Image-caption web data:
════════════════
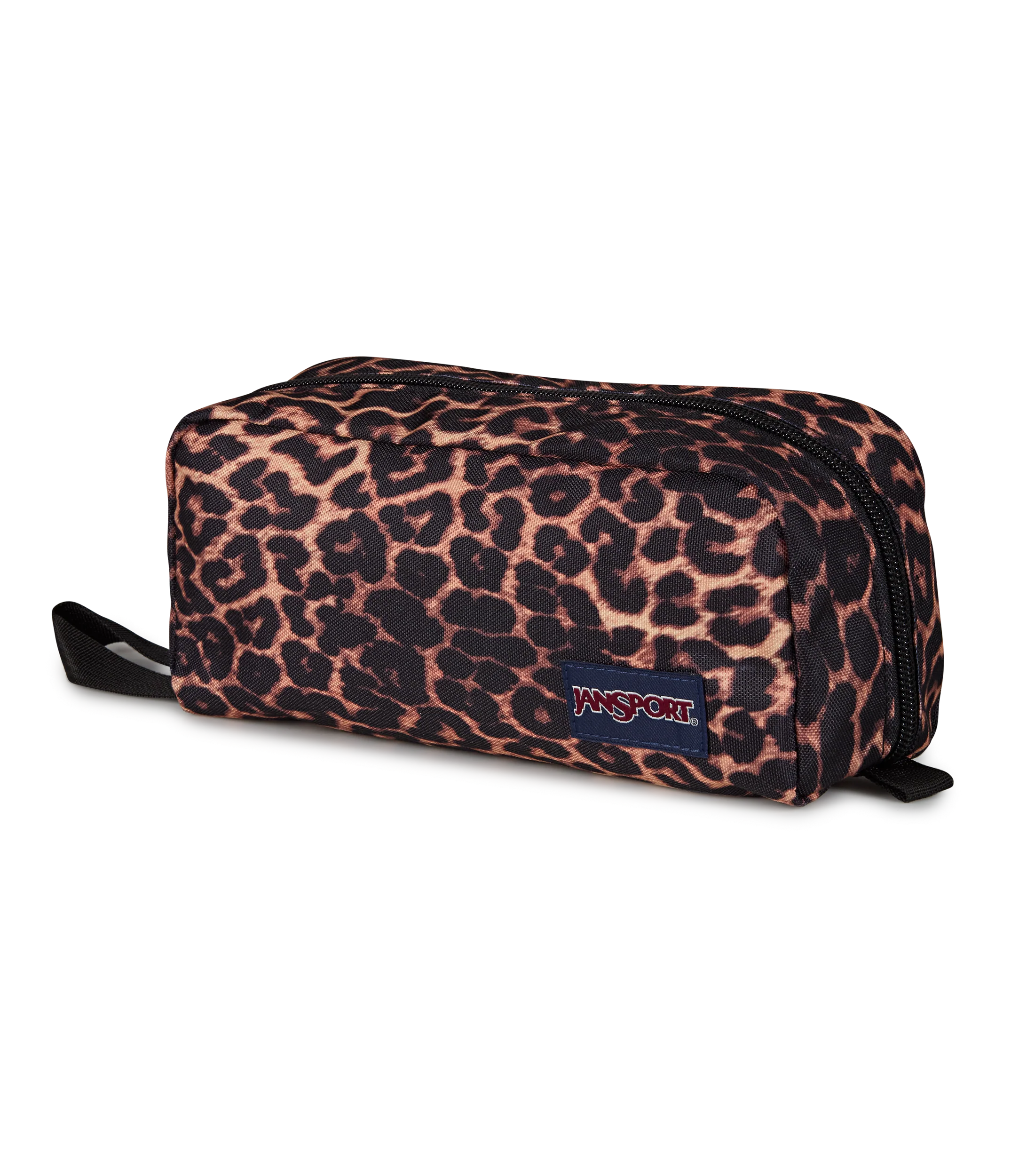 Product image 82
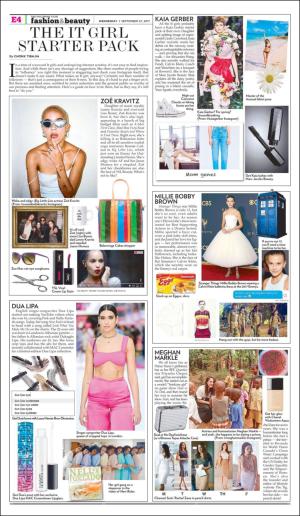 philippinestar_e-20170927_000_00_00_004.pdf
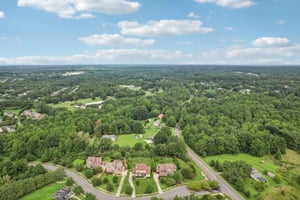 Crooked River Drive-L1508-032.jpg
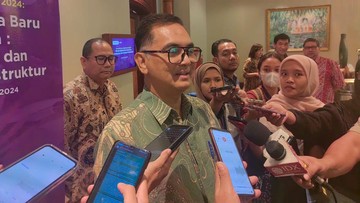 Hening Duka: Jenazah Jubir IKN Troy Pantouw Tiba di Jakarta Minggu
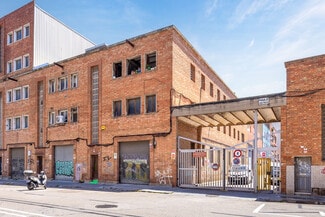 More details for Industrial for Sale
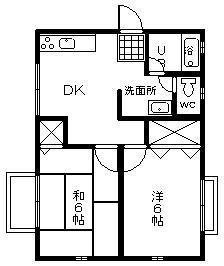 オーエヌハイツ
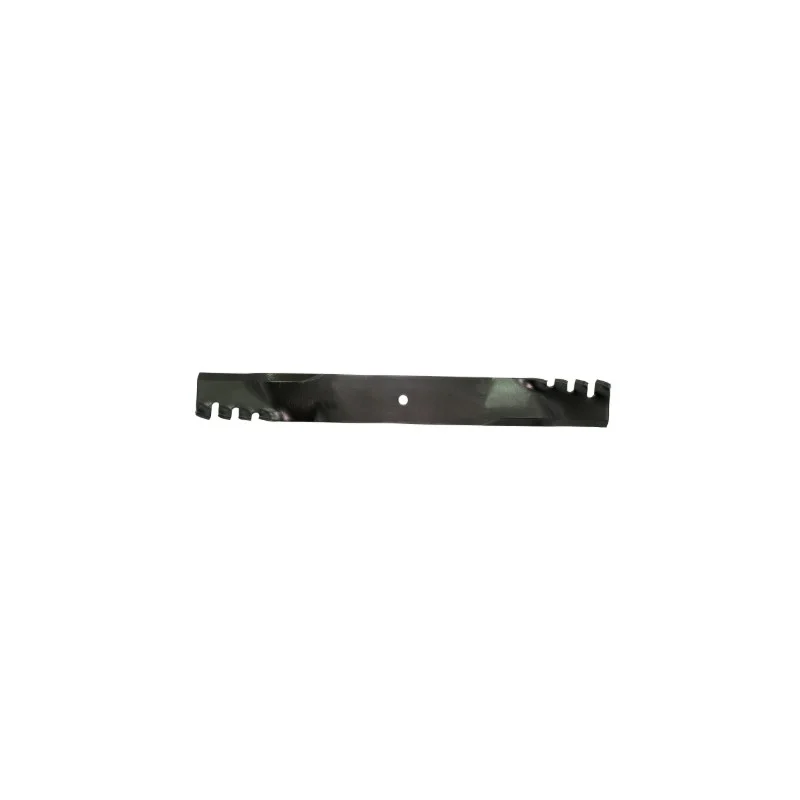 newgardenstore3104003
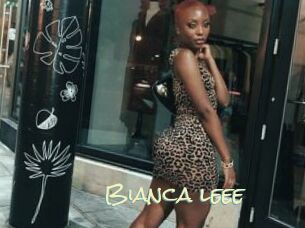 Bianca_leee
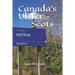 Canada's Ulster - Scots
════════════════
ABOUT THIS EXERCISE: Set down only the lines running from the line with "Hening Duka: Jenazah" to the end of the entries, inclusive; omit every picture.

TASK OUTPUT:
 Hening Duka: Jenazah Jubir IKN Troy Pantouw Tiba di Jakarta Minggu
 More details for Industrial for Sale
 オーエヌハイツ
 newgardenstore3104003
 Bianca_leee
 Canada's Ulster - Scots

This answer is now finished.